Civic participation has become so fraught for African-Americans that it's even earned its own name: voting while black. 

Exactly two years ago, Black Youth Project, a national organizing group for millennials with chapters across the country, released this helpful reminder that voting is one of many tools for participating civically. 

These points, adapted from an activist named Mariame Kaba, are just as timely today — summing up the best approach to Election Day: that one can work toward an inclusive democracy in many different ways.

1. Voting will not uproot oppression. Only social movements can do that.

Jessica Pierce, BYP 100's national co-chair, said that Kaba's message was important to share with its members and supporters because it allows them to reframe the conversation about voting from an either/or, good/evil dichotomy.

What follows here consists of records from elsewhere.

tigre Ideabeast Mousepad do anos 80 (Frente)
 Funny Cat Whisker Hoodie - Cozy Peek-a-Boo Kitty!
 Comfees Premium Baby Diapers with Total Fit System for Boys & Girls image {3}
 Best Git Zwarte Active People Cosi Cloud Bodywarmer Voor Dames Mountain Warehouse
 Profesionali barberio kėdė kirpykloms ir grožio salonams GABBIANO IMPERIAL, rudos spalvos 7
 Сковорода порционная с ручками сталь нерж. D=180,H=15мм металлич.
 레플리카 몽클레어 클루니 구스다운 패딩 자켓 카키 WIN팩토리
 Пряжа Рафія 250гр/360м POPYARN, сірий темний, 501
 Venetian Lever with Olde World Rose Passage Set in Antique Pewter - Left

"If we do want to have the freedom and change we need, it can't be just shutting stuff down," Pierce said. "It has to be thinking statically about the policies we want, [and] holding officials accountable."

The discussion about voting in black communities has been loaded. The Supreme Court dismantled crucial parts of the 1965 Voting Rights Act, landmark legislation that was meant to protect African-Americans from the types of voter intimidation that marked decades of Jim Crow rule in the South. Ironically, it's the exact type of intimidation that Donald Trump is now advocating when he incites his supporters' fears about stolen elections and voter fraud.

But outside of the ability to vote is the utility of it. Whether political power can be gained at the polls has long been a source of tension in black communities, dating back at least to Malcolm X's 1964 "The Ballot or the Bullet" speech.

"The time when white people can come in our community and get us to vote for them so that they can be our political leaders and tell us what to do and what not to do is long gone," X said, advocating a black nationalist philosophy centered around black control of civil, economic, political and cultural life. "By the same token, the time when that same white man, knowing that your eyes are too far open, can send another Negro into the community and get you and me to support him so he can use him to lead us astray — those days are long gone too."

Alongside the emergence of the Movement for Black Lives has been a concurrent conversation about whether young black Americans will and should vote in this year's election. Hillary Clinton's campaign, at least, is deeply worried about voter turnout among young African-Americans. But Pierce, for one, isn't worried.

"We're not buying into these narratives that elections will be won and lost on the backs of black people," she said. "There are so many ways to be involved."